● Task objective:
If a record holds a picture, drop the picture and copy everything else exactly.

START Records for this exercise

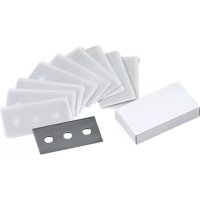 GP GSB KM 0101 M MIELE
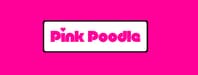 Pink Poodle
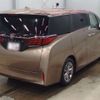 toyota alphard 2024 -TOYOTA 【弘前 300す340】--Alphard AGH40W-0029234---TOYOTA 【弘前 300す340】--Alphard AGH40W-0029234- image 2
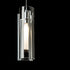 Hubbardton Forge Exos 9 Light Round Pendant Model: 131104-SKT-STND-14-GG0065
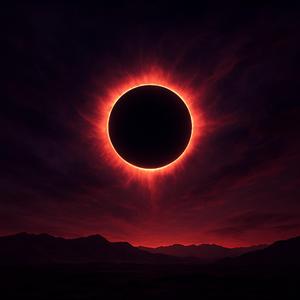 Eclipse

END Records for this exercise

● Exercise output:
 GP GSB KM 0101 M MIELE
 Pink Poodle
 toyota alphard 2024 -TOYOTA 【弘前 300す340】--Alphard AGH40W-0029234---TOYOTA 【弘前 300す340】--Alphard AGH40W-0029234- image 2
 Hubbardton Forge Exos 9 Light Round Pendant Model: 131104-SKT-STND-14-GG0065
 Eclipse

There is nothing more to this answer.